Its flagship creative source may be gone now that Robert Kirkman has ended his iconic comic series, and its TV ratings may be hitting new lows. But compared with just about everything else, The Walking Dead continues to be one of the most successful and highly-viewed franchises anywhere on the small screen. 

As The Walking Dead begins its new foray out of a small huddle of clustered AMC shows and into the much wider world of a sprawling shared universe, TWD content chief Scott Gimple says he’s like a “kid in the candy store” with all the branching story possibilities that lie ahead.
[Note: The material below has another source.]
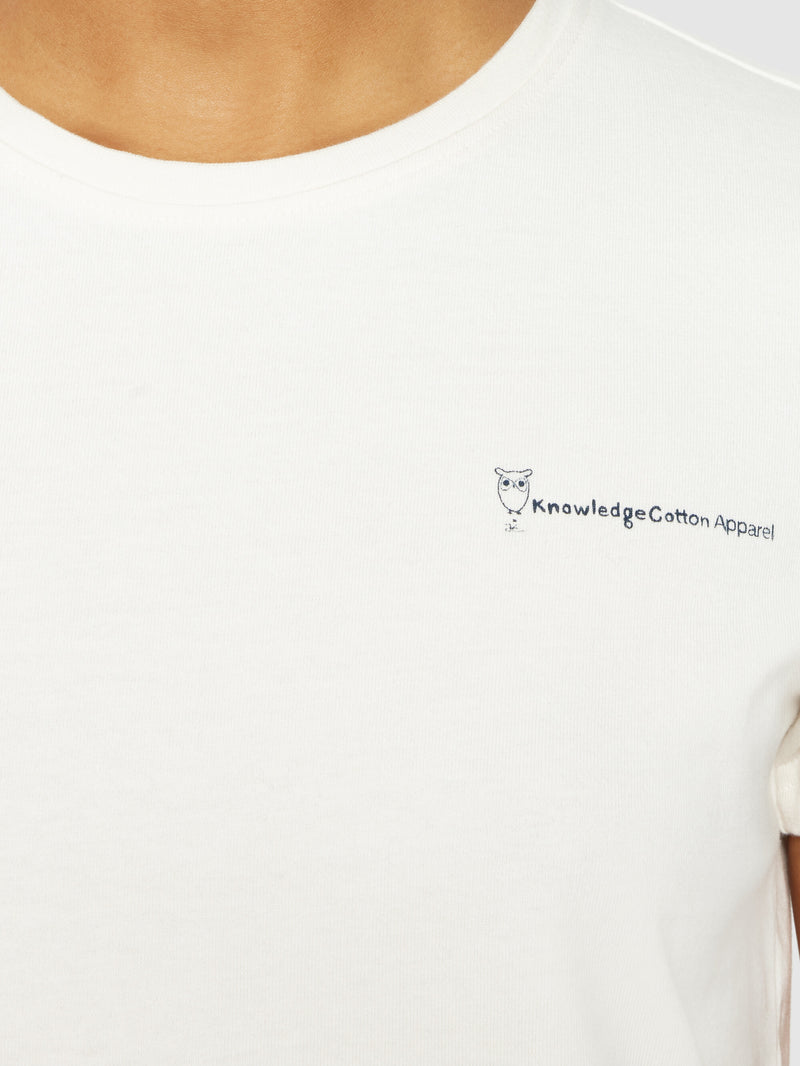 KnowledgeCotton Apparel - WMN Regular fitted back print tee - Regenerative Organic Certified® - GOTS/Vegan T-shirts 1387 Egret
In addition to the upcoming new series set to follow the younger generation of survivors into the post-apocalyptic future, there’s also a standalone Rick Grimes movie trilogy on the way that returns Andrew Lincoln — one of the series’ biggest stars. 
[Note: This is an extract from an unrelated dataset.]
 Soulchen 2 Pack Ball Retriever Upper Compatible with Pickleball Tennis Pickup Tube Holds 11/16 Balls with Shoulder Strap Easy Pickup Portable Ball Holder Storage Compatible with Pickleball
Yet Gimple recently revealed that he’s not preoccupied with slavishly following the central-character formula that worked so successfully for the original series, which just kicked off its 10th season at AMC. Rather, as he told Deadline in a far-ranging interview, he’d rather explore the enormous mythology that Kirkman’s comics have cultivated, mining the Walking Dead mythos for new ideas that can unfold in every nook and cranny of the zombie-plagued world — ideas that don’t necessarily have to bleed into each other as new TWD story lines spring up in diverse and interesting ways.

“I think we will have entertainments that are very single-character driven and we will have others that have an ensemble dynamic. I don’t think it’s particularly vital one way or the other, it’s just searching for that differentiation,” he said, sharing a laundry list of story ideas that indeed strike into completely new territory. If some of Gimple’s hopes for the franchise ever see the light of day, in fact, The Walking Dead indeed would begin to look a whole lot like other shared-universe brands like Star Wars and Star Trek — franchises that share a common mythology, but allow for endless forking paths that don’t always reconnect with the flagship series. 
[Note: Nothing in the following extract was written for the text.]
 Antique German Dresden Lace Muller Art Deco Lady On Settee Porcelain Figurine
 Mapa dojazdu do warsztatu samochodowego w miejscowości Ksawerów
“…The Walking Dead is truly a shared world and a shared situation but it’s going to be a lot of different aspects of that shared circumstance,” said Gimple. “It’s not dependent on these characters knowing each other, interacting with each other, or having anything necessarily to do with one another. It makes it a priority for us to create new mythologies and new situations in this world — big stuff that’s going on — but the really interesting thing about this universe is that because of this apocalypse that’s happened is that a lot of these stories aren’t even going to touch. These people won’t even know that these other people and these other situations even exist. I hope that allows us for a real differentiation in the stories we tell.”

What could that mean for the kind of TWD experiences we'll see in the years ahead? Almost as if to drive home the point that a Walking Dead story can be told almost anywhere in the post-apocalypse, Gimple made the case for a hermetic, Cast Away-style TV show or movie — one that follows a single, stranded Tom Hanks-type character whose only frame of reference is his or her immediate, shattered surroundings. 

The Walking Dead Universe: New Series Trailer

“One of my favorite projects, one that’s sort of hovering around, is really about a person, a single person in the apocalypse,” he said. “…[Y]ou have a story that’s like Cast Away or Omega Man, I suppose…We are pursing specials as well, which are very short form. Some of that linking up [to established characters and situations] but some keeping to themselves by having their own distinct aspects. When we’re working I call those the agnostic stories. Those might feel more Twilight Zone-y, more anthological, whereas the more connected stuff might feel more like Star Wars in the shared, episodic mythology…It’s very kid in the candy store.”

To be clear, Gimple didn’t reveal that a specific desert-island Walking Dead scenario has been given a green light, or that any of the “agnostic stories” that his creative team are toying with will ever make it past the concept phase. But it’s clear that he’s approaching The Walking Dead’s budding shared-universe recipe by looking at the big picture, envisioning a lore-verse that abides by a specific set of rules — no matter the scale at which they’re deployed in the service of a good story. 

While the younger-generation spinoff still hasn’t been given a name, it’s tentatively set to arrive sometime in the first half of next year. The release timeline for the Rick Grimes / Andrew Lincoln films is less clear, though it was revealed at this year’s San Diego Comic-Con that the first film would premiere only in theaters, via Universal Pictures, and not on the AMC network. In the meantime, we’ve still got plenty of Walking Dead stories to tide us over in the here and now: Season 10 of The Walking Dead debuts its second episode at 9 ET this Sunday (Oct. 13) on AMC.